DATA SEGMENT -
^^^^
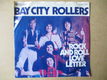 s0964 bay city rollers - rock and roll love letter - 0 - Thumbnail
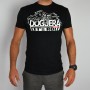 Tee Shirt Doguera Lets Roll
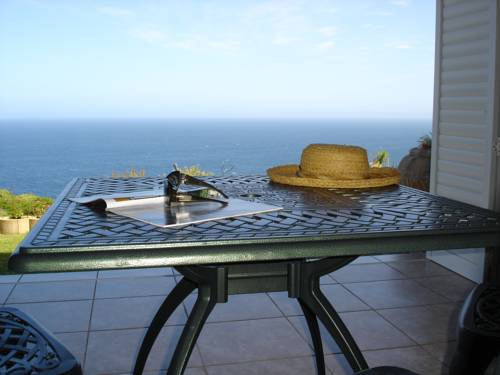 South Africa Booking.com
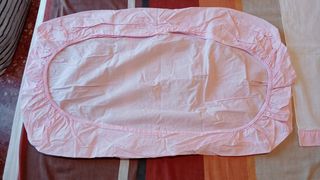 Sabanas bebé, oferta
^^^^
TASK -
Copy the whole listing above word for word but do not carry over the pictures.

FINAL ANSWER -
 s0964 bay city rollers - rock and roll love letter - 0 - Thumbnail
 Tee Shirt Doguera Lets Roll
 South Africa Booking.com
 Sabanas bebé, oferta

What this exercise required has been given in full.